İlk olarak 1965 yılında “Kurtuluş Savaşı Destanı” adıyla yayımlanan eser, 1966’da “Memleketimden İnsan Manzaraları”nın birinci ve ikinci kitabında yer alır. Ardından 1968 yılında Kuvâyi Milliye / Destan adıyla yayımlanır. Nazım Hikmet, eseri 1939 yılında yazmaya başlar; 1940’ta Çankırı Hapishanesi’nde yazmaya devam eder. 1941 yılında eseri Bursa Cezaevi’nde tamamlar ve eşine gönderir.
Bu küçük bilgi notundan sonra bence sohbetimize büyük ustanın Büyük Taarruzu anlattığı bölümle devam edelim… Bakalım nasıl anlatmış Nazım bu zaferi?
“Ve başladı topçu ateşiyle
ve fecirle birlikte büyük taarruz…
Sonra.
Sonra, düşmanın müstahkem cepheleri düştü.
Bunlar:
Karahisar güneyinde 50
ve doğusunda 20-30 kilometredeydiler.
Sonra.
Sonra, düşman ordusu kuvâyi külliyesini ihâta ettik
Aslıhanlar civarında
30 Ağustos’a kadar.
Sonra.
Sonra, 30 Ağustos’ta düşman kuvâyı külliyesi imha ve esir olundu.

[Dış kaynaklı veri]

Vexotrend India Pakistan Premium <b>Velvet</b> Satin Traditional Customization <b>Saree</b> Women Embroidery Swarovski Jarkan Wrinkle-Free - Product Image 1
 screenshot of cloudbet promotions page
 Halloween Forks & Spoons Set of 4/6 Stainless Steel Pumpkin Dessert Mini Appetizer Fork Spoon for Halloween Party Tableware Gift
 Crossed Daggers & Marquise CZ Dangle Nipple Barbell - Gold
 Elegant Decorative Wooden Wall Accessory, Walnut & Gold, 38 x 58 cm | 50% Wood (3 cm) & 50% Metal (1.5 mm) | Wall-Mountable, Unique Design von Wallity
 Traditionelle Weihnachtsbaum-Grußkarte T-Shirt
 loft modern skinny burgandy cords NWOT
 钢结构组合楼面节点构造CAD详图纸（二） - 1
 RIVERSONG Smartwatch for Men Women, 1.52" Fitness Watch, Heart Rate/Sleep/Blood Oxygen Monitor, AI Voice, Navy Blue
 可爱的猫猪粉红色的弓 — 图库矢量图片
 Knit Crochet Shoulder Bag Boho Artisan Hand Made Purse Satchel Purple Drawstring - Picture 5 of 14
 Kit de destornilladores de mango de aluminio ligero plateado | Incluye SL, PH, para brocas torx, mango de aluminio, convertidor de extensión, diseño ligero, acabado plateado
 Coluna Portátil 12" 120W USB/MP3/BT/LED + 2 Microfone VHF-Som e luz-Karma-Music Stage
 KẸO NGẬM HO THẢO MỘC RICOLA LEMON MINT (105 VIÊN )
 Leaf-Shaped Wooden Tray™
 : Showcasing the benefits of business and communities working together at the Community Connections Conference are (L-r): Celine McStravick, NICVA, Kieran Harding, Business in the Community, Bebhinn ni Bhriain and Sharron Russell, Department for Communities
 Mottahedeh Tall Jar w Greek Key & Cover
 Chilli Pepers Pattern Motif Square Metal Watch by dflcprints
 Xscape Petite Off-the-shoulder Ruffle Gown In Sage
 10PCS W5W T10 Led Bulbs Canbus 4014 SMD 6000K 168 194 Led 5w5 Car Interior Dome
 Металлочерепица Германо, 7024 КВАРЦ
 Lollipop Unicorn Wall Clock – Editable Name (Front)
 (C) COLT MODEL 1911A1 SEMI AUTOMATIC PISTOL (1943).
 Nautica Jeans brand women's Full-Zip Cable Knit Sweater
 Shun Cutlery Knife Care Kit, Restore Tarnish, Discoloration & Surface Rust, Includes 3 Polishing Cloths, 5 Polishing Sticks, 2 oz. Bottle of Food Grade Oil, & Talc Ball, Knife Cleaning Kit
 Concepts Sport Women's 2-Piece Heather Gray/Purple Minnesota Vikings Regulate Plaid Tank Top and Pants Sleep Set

Esirler arasında General Trikopis:
Alaturka sopa yemiş bir temiz
ve sırmaları kopuk frenk uşağı…
Yaralı bir düşman ölüsüne takıldı Nurettin Eşfak’ın ayağı.
Nurettin dedi ki: «Teselyalı Çoban Mihail,»
Nurettin dedi ki: «Seni biz değil,
buraya gönderenler öldürdü seni…»
Sonra.
Sonra, 31 Ağustos günü
ordularımız İzmir’e doğru yürürken
serseri bir kurşunla vurulan
Deli Erzurumluydu.
Devrildi.
Kürek kemikleri altında toprağı duydu.
Baktı yukarı,
baktı karşıya.
Gözler hayretle yandılar:
önünde, sırtüstü, yan yana yatan postalları
her seferkinden kocamandılar.
Ve bu postallar daha bir hayli zaman
üzerlerinden atlayıp geçen arkadaşların arkasından
seyredip güneşli gökyüzünü
ihtiyar bir muhacir karısını düşündüler.
Sonra…
Sonra, sarsılıp ayrıldılar birbirlerinden
ve Deli Erzurumlu ölürken kederinden
yüzlerini toprağa döndüler…
Solda, ilerdeydi Ali Onbaşı.
Kan içindeydi yüzü gözü.
Bir süvari takımı geçti yanından dörtnala.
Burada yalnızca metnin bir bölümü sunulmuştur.